Aaron's Buys Into Cloud-Based Financial PlanningBy Samuel Greengard Print
The specialty retailer moved from spreadsheets and manual processes to an advanced, cloud-based financial planning system to ring up better business results.
Financial planning is at the heart of any successful business. The ability to build sound forecasts and adjust pricing and other factors to suit market conditions and consumer behavior often determines whether a company flourishes or flounders.
Aaron's, a specialty retailer that sells and leases furniture, electronics, home appliances and accessories, is a $3 billion firm with more than 2,000 company-operated and franchised stores scattered across 48 states and Canada. The company's focus on financial efficiency led to a major upgrade in software.
"Our revenue stream is heavily annuity based, as opposed to just straight cash transactions," explains Ginger Bleess, manager of financial planning and analysis for Aaron's. "We faced a significant challenge in planning and forecasting effectively because of the nature of the business and the limited forecasting abilities within prior software models."
In many cases, relatively basic changes—such as a store opening or moving to a new location—broke existing models and formats.
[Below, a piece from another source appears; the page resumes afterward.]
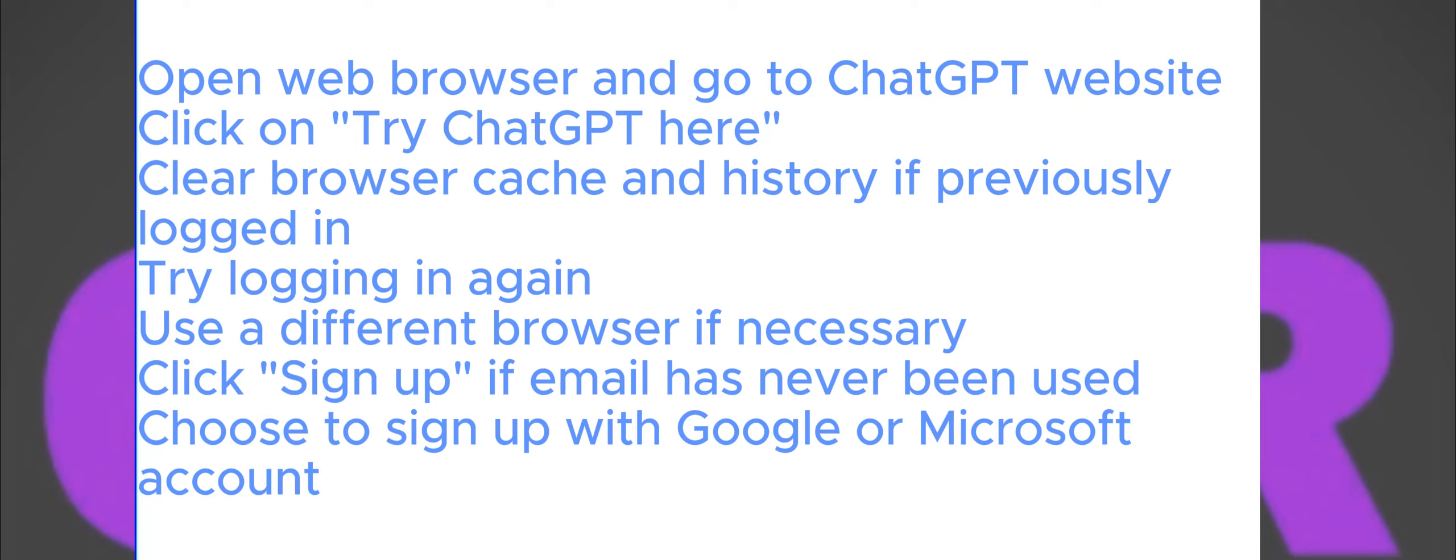However, if the email you're trying to use has never been associated with a ChatGPT account before, opt to click on the Sign Up button. This will present you with two options: signing up with either a Google or Microsoft account. To successfully create a ChatGPT account, it's imperative to have a Google or Microsoft account and utilize it during the sign-up process for the chatbot.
That required undergoing a fairly complicated process of rebuilding and reformatting the models, and then ensuring that analysts and other stakeholders had the correct model in hand.
The process could take between three and four days. "We realized that we had to start thinking about planning in a more organized way, which also meant including people outside of finance," Bleess says. "We had to move beyond spreadsheets and mostly manual methods."
This insight led the company, which is more than 60 years old, to a cloud-based business planning solution from Anaplan. The software-as-a-service (SaaS) system introduced a real-time calculation and modeling engine that makes it possible for the company to rebuild financial models in as little as 5 minutes. The software also supports a high level of collaboration and input within the organization.
"We recognized that there was a need to input data from operations personnel and various departments," Bleess recalls. "This [solution] created a level of forecasting and financial accuracy that hadn't been possible in the past."
In addition, the hosted nature of the Anaplan solution was appealing. "We didn't want the IT department involved with building data cubes—and waiting a week to have a tangible model available," she adds. "We wanted a solution that was fast and allowed the finance department to build cubes and formulas on its own."
The system, which went live in September 2012, has transformed the finance operation and the company, Bleess reports. Among other things, it has introduced the ability to conduct what-if planning and explore modeling simulations. "We can examine possibilities and potential results based on best- and worst-possible scenarios," she points out
An added benefit to the SaaS approach is the ability to access data and financial models using a mobile device, anywhere and at anytime. This makes it easy for executives to tap into key data, but it's also is a boon for store managers and district managers who may be traveling between locations or working from home.
Bleess says that reducing business planning from months to weeks—and producing models in minutes—has been transformative, enabling employees and managers to make smarter and better decisions. She summarizes the benefits this way: "We are able to operate in real time and view financial and business data in a way that wasn't possible in the past."